Given a top-k patterns \({\mathcal {S}}\), \({\mathcal {SM}}_1\) is an over-approximation of the fault-location: \(\forall S_i\in {\mathcal {S}} : (freq_1^-=freq_i^-) \wedge (freq_1^+=freq_i^+) \Rightarrow S_i \subseteq {\mathcal {SM}}_1\)

Thus, \({\mathcal {SM}}_1\) contains most likely the faulty statement, i.e. statements that are most frequent in the negative dataset and less frequent in the positive dataset. However, it may also contains other statements that are suspicious for a certain degree (over-approximation). That is why, in Algorithm 2, \(\varOmega _2\) is initialized to \({\mathcal {SM}}_1\) at line 3.

Property 2

Given the sets of patterns \({\mathcal {SM}}\) (resulting from top-\(k\)  patterns \({\mathcal {S}}\)) and an over-approximation of the fault-location \({\mathcal {SM}}_1 ~ (\varOmega _2)\), some statements of \({\mathcal {SM}}_1\) will disappear in the next \({\mathcal {SM}}_i\in {\mathcal {SM}}: ({\mathcal {SM}}_1{\setminus } {\mathcal {SM}}_i) \ne \emptyset \).

figure b

In Algorithm 2, statements that disappear from \(\varOmega _2\) and appear in a given \({\mathcal {SM}}_i\) are noted \(\varDelta _D\) (line 5). According to the frequency values, we have two cases:

  1. 1.

    \({\mathcal {SM}}_i\) has the same frequency as \({\mathcal {SM}}_1\) in the negative dataset but \({\mathcal {SM}}_i\) is more frequent in the positive dataset than \({\mathcal {SM}}_1\). Thus, statements of \(\varDelta _D\) are less frequent in the positive dataset compared with those of (\(\varOmega _2 {\setminus } \varDelta _D\)). So, statements of \(\varDelta _D\) are more suspicious than the remaining statements in \(\varOmega _2 {\setminus } \varDelta _D\) and should be ranked first (removed from \(\varOmega _2\) (line 8) and added to \(\varOmega _1\) (line 7)).

  2. 2.

    \({\mathcal {SM}}_i\) is less frequent than \({\mathcal {SM}}_1\) in the negative dataset. Again, statements of \(\varDelta _D\) should be ranked first and added to \(\varOmega _1\).

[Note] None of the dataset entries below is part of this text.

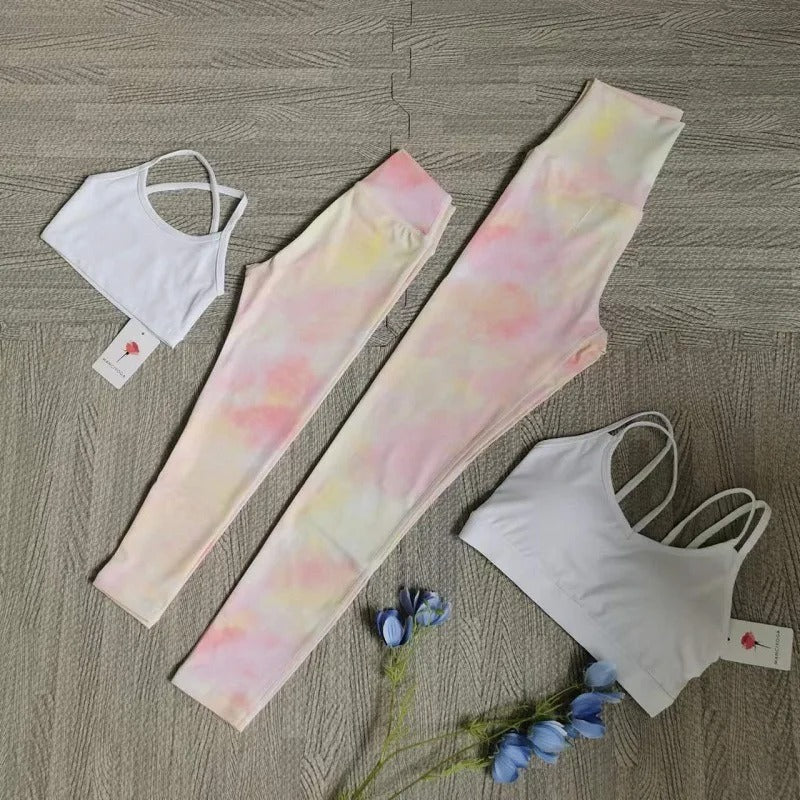 Parent-Child Yoga Set Girls Athletic Leggings Training Bras Gym Crop Tank Top Quick Dry Workout Running Outfit Kids' Sportswear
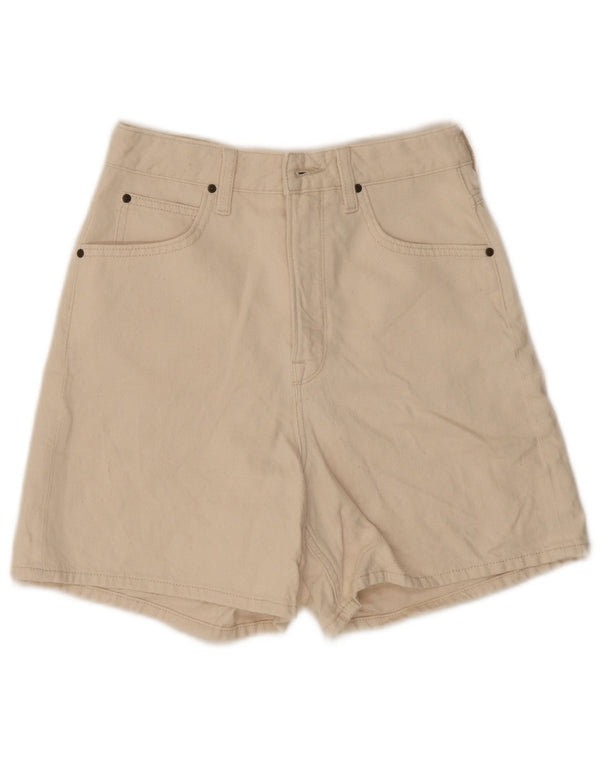 Lee Womens Stella High Waist Denim Shorts W26 Small Off White Cotton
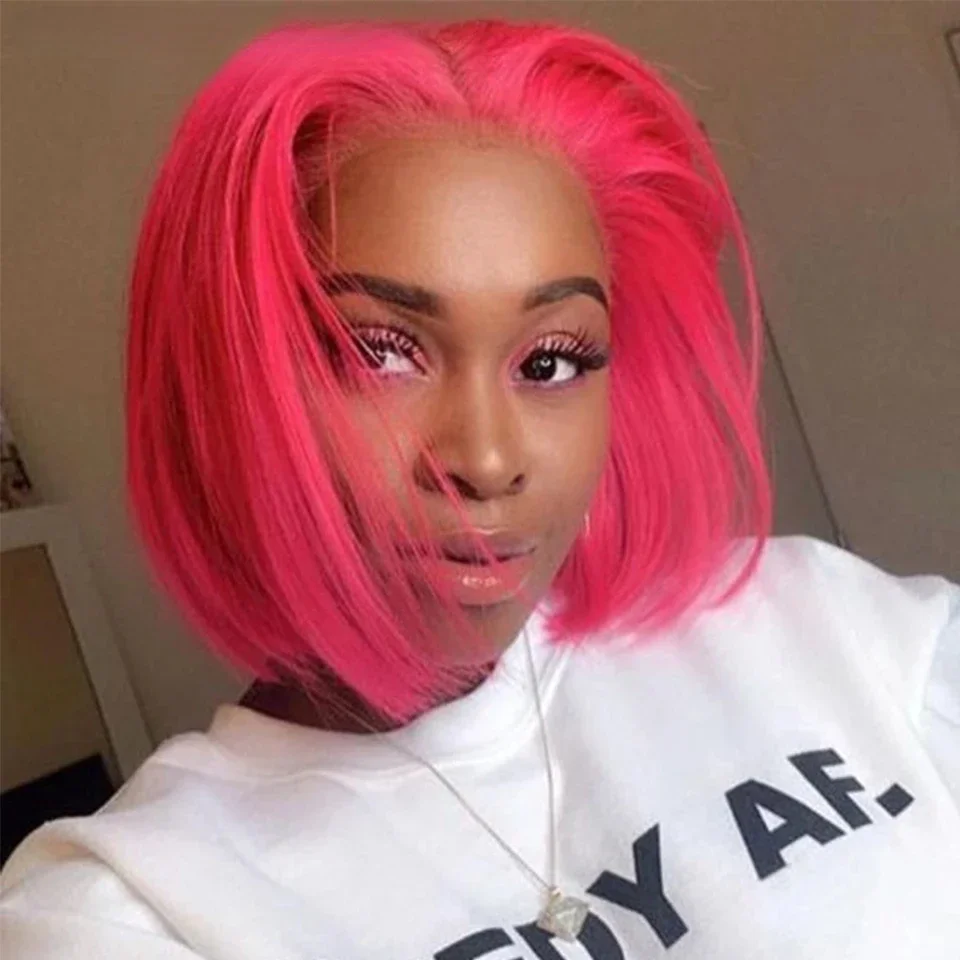 

Розовый Боб 13x5x1 T Part Парик Фронта Шнурка Светло-Розовый Короткий Прямой Боб Парик 100% Человеческих Волос Для Женщин 180 Плотность Парики Remy Party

Consequently, \(\varOmega _1\) contains the most suspicious statements derived from the initial state of \(\varOmega _2\). The remaining statements in \(\varOmega _2\) are those appearing in all patterns \({\mathcal {SM}}_i\) and are ranked second in terms of suspiciousness.

Property 3

Given the sets of patterns \({\mathcal {SM}}\), and an over-approximation of the fault-location \({\mathcal {SM}}_1\), some statements will appear in the next \({\mathcal {SM}}_i\in {\mathcal {SM}}: ({\mathcal {SM}}_i{\setminus } {\mathcal {SM}}_1) \ne \emptyset \).

According to the Property 3, the statements that are not in \({\mathcal {SM}}_1\) and that appear in a given \({\mathcal {SM}}_i\) (line 9) are noted \(\varDelta _A\). So, \(\varDelta _A\) should be added to \(\varOmega _3\) (line 13) and ranked after \(\varOmega _2\) as the least suspicious statements in the program (line 14).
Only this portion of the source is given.